Specializes in NICU, PICU, PACU.

The article was also written in 1998, I can tell you that we weren't as conscious about oxygen them as we are now and we had a lot of kids with bad ROP and some that had to go for buckle procedures. I would really take that article with a grain of salt and there isn't much EBP in there.

Here's another article that I found when I googled "light cycling in the NICU and ROP". The first paragraphs seem to suggest that light cycling doesn't do much, there's one study that shows a decrease in ROP with cycling. The whole article is interesting, about all the things that impact these little patients. Iatrogenic Environmental Hazards in the Neonatal Intensive Care Unit

I would go to the MD that thinks this is useful and say you're working on it for a project, could he get you the articles he's found that support the idea.

I would wonder if the only reason light cycling helps with ROP (where I guess a few studies have found a correlation) is it helps with growth and well-being from great circadian rhythms and the overall increase in wellness keeps the eyes a little healthier. Not that lights are exacerbating the ROP directly.

Thank you everyone for your input. I talked to the nurse that asked me to take this on with her and told her what I found. She couldn't believe that I couldn't find any supporting evidence but was thrilled that this could go a step in a different direction. She called our head Neo and told him what I found. He said that he's never been able to find any supporting evidence either and has never really liked the idea of doing LC for ROP. He said that if the other neo wanted a focus on that, then he should be doing it and we shouldn't be doing the work for him.
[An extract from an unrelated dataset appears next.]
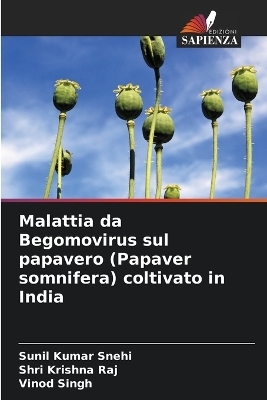 Malattia da Begomovirus sul papavero (Papaver somnifera) coltivato in India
She told him that I did find a lot of evidence for light cycling and circadian rhythms and there are studies on babies overall heath improving and much more. He said that is a focus we should have been doing for a long time now and thinks it's wonderful if we take it in that direction. We're pretty excited that we could be actually changing something around here in our unit. (doesn't happen a lot here.) This can encourage other floor nurses in our unit to step up and look into changing other things as well. Thanks again!

I've never heard of light cycling for ROP, but the hospital I currently work in as a traveler is participating in a research study for it using a drug called Inositol. This drug will hopefully decrease the development of ROP. Has anyone heard of this drug?

I haven't heard of it. But if I come across it in our unit, I'll look into it more.